I envy those who I see as good parents and the fact that they have a good model to work from, but this may well be entirely unjustified because:
My kids are not like me and need a different type of parenting in a different period in time with different social pressures, a different environment etc. to the one I was brought up in.
Good parenting now would be very different than good parenting was then. So I'm going to allow myself a big chunk of "ok"ness because I can work out as well as anyone what OK now is compared to OK then. That's a level playing field right there.
I'm going to give myself another break because my kids have different personalities, as do all kids, and you have to parent the kids you have, not some average child shaped meme. I'm an expert on my own kids, I make an effort to be that rather than regurgitating "examples I have seen people using on entirely different kids" - so that's another area that wouldn't have been improved.
I get more points for admitting I don't know what the fuck I'm doing and asking for help, advice and apologising when I get stuff wrong.
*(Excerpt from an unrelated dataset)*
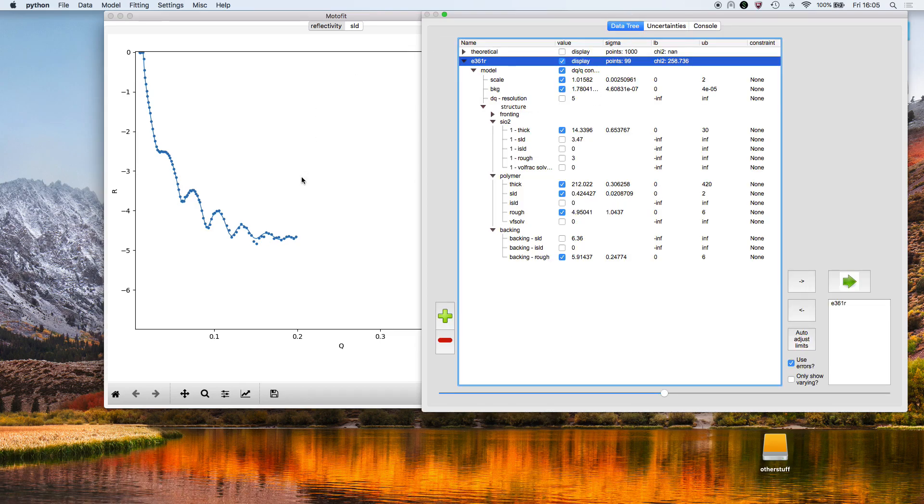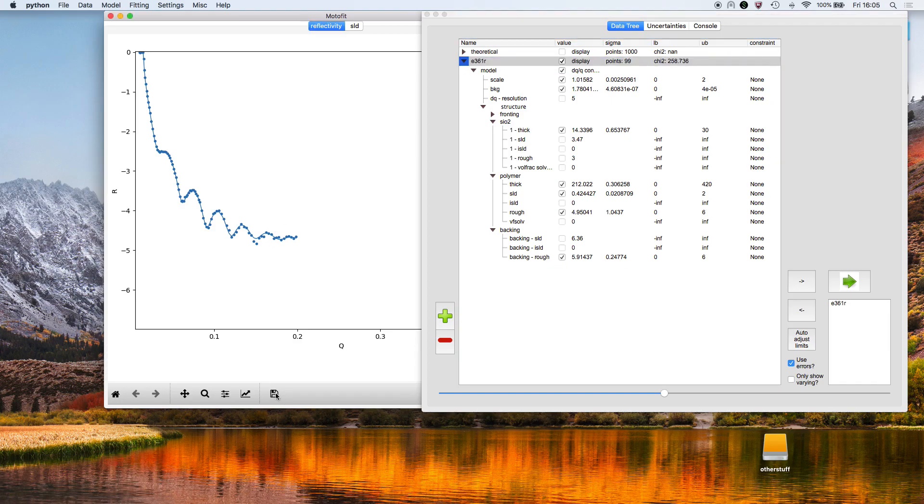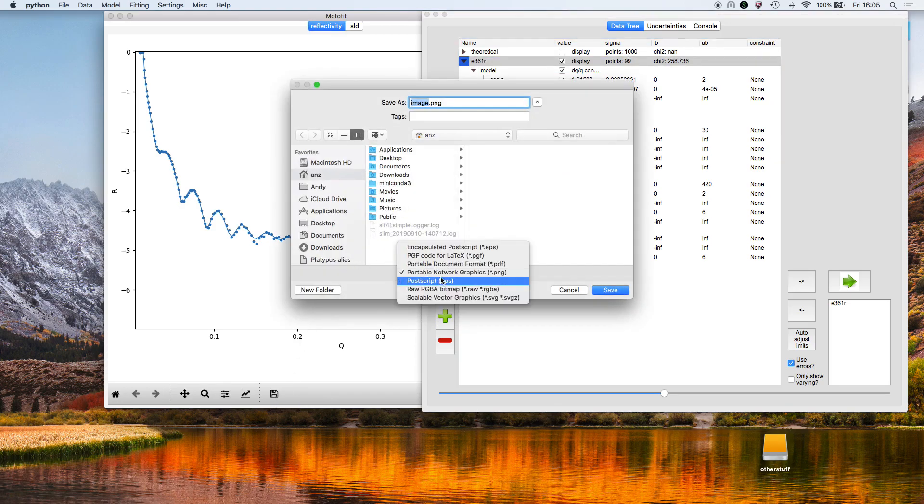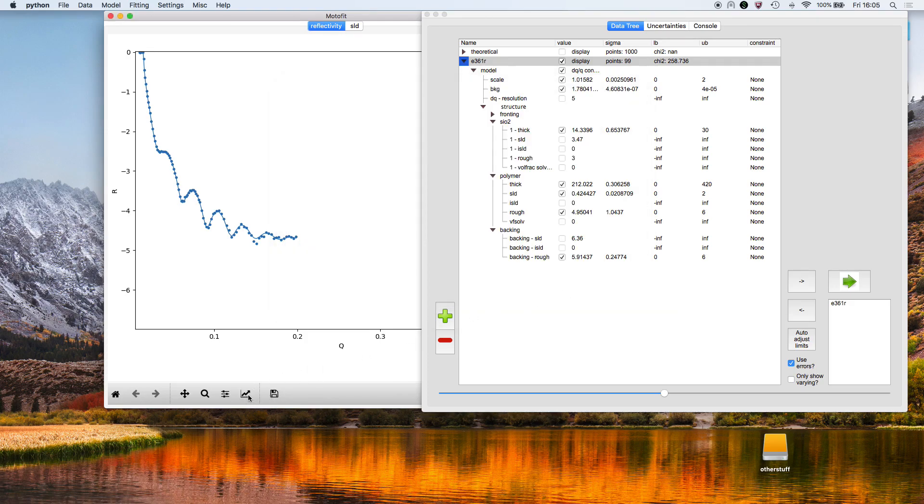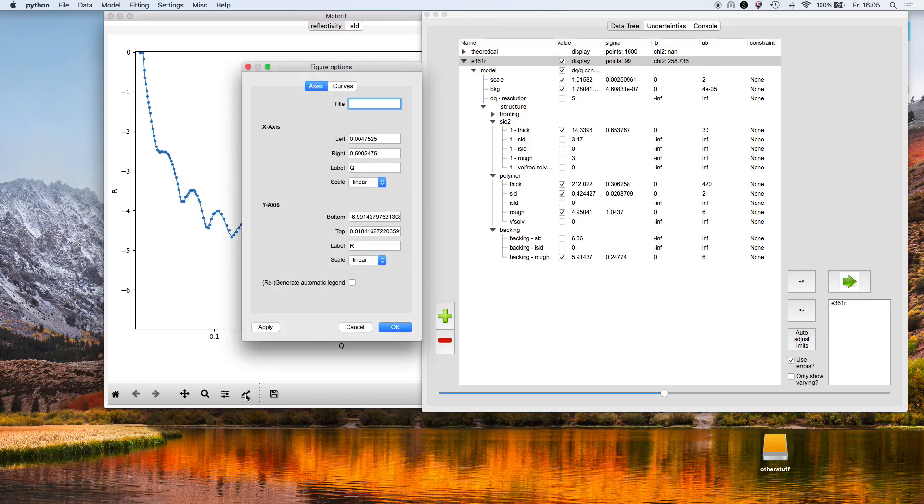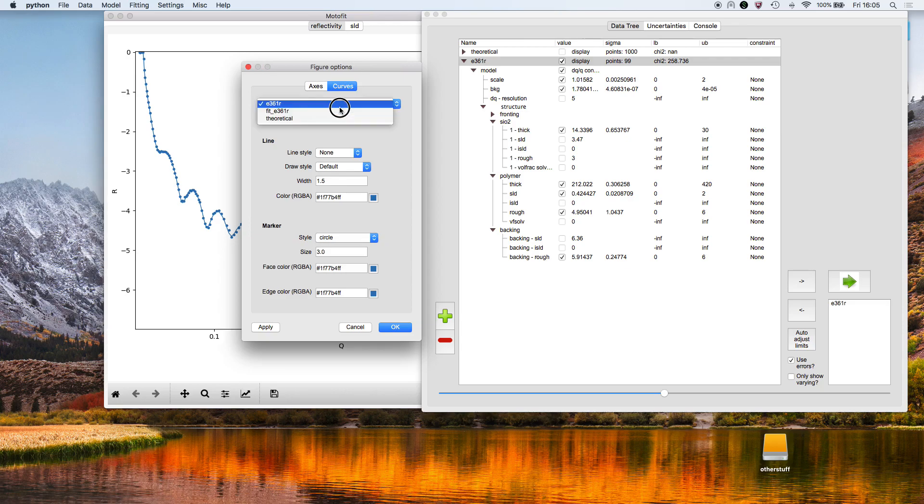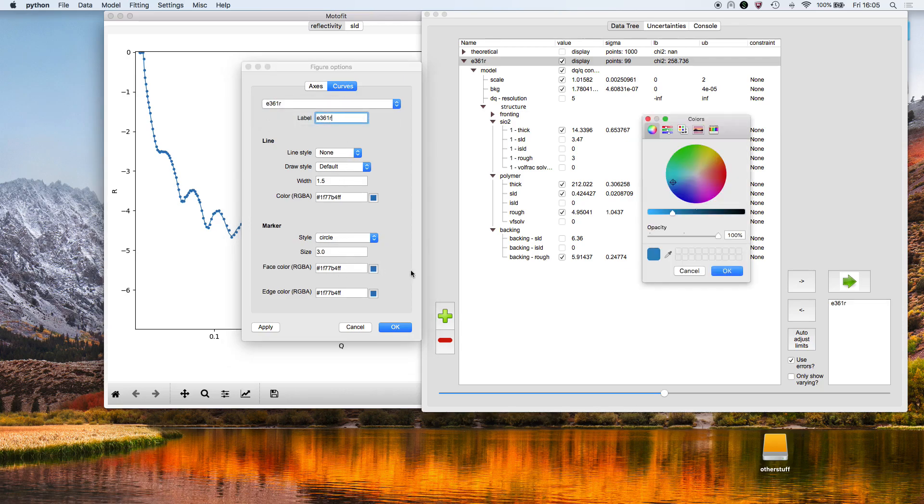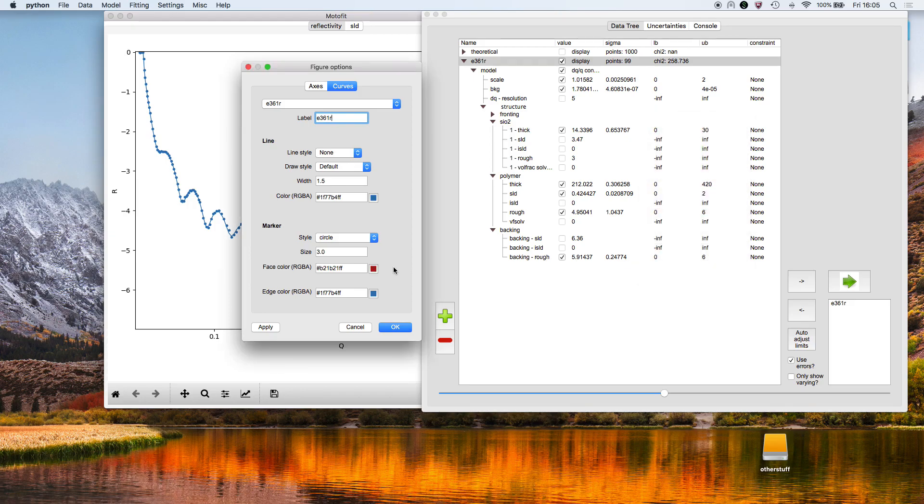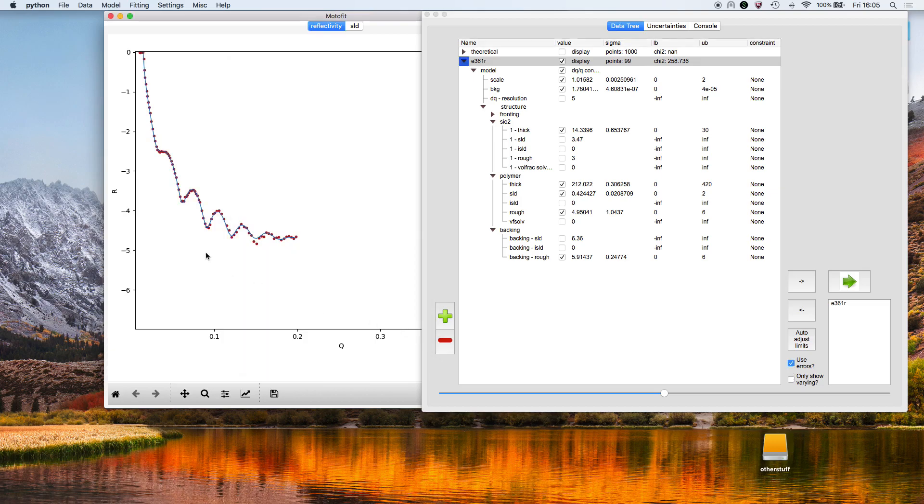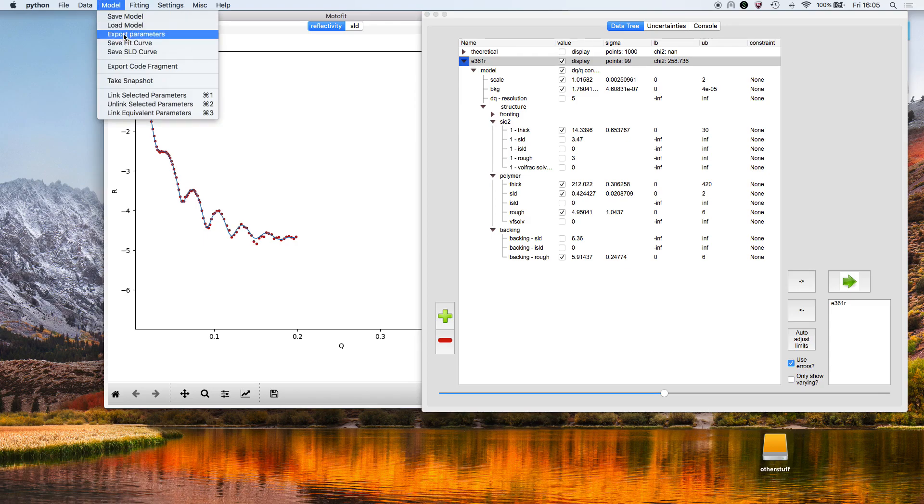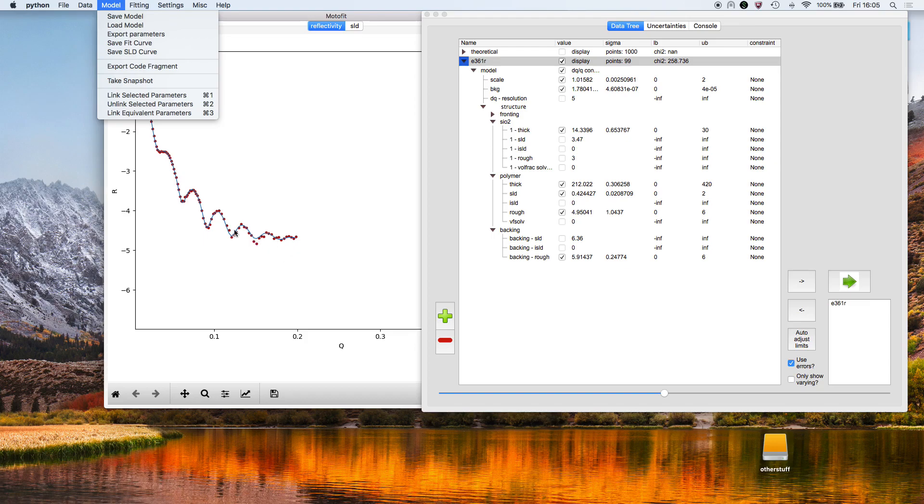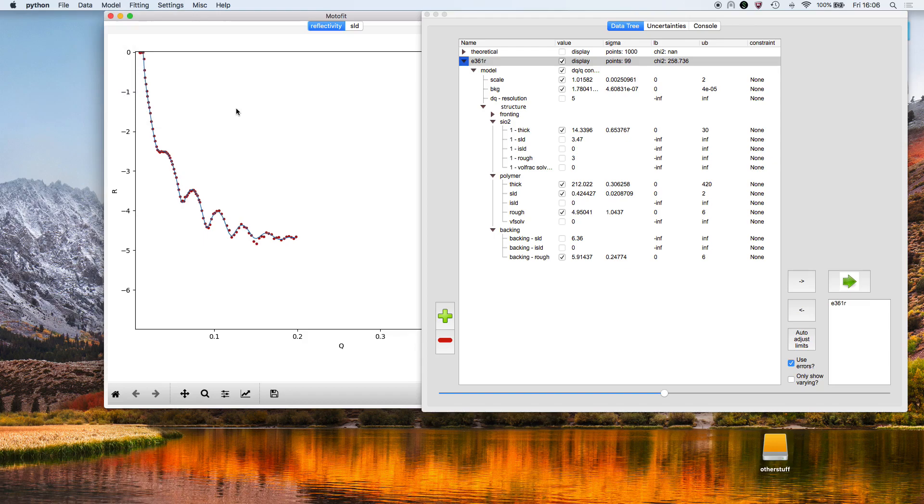You can then export the data or save the figure—say SVG or PNG. You can change the color of the graphics by choosing a color with a color picker. We've now made it red. We can save the model, export parameters, save the fit curve—the fit curve would be this blue line here, and so on.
For not setting myself up as some kind of god for my children and then castigating them when they notice I'm being a bit shit. If they notice I'm being a bit shit - good - and if they are brave enough to point it out - better ! And if we are able to put our egos away and work out what is the best and most positive route forward it's even more positive.
I get extra bonus points for knowing when a relationship is so shitty you have to walk away to protect yourself rather than stay because that's more sociatally normal, I'm glad I have been able to teach them that. To have had a very real if painful opportunity to show them that kind of strength.
Intuitive parenting? - many people think that good parenting should be intuitive, and I notice myself really worrying that this has been taken away from me by my own poor parents examples. However if I really think about this it would seem that this is cannot be the case. When you actually have to learn things you didn't understand - you really understand their intricacies - rather than making thoughtless assumptions.
For instance: I actually properly know what boundaries are - how to set and how to apply rules to them. I don't do it intuitively - so when people trespass on or past them I know they are doing it, and how to respond effectively. I'm not guessing, or wasting time with trial and error...I have learned this type of stuff, the hard way. It has cost me in all sorts of ways but it has made me a better example and mentor for my children.
Kintsugi is an ancient art of pottery repair, when a bowl was broken rather that throwing it away it is mended with molten gold - kintsugi bowls are often more valuable - and considered more beautiful than the unbroken bowl ever was.
I think that is the kind of parents children of narcissists can be. Sure it is possible to just look at the cracks and see flaws, but why not sometimes change perspective and look at just how awesome we are? Being broken might be the thing that eventually makes us better, not worse.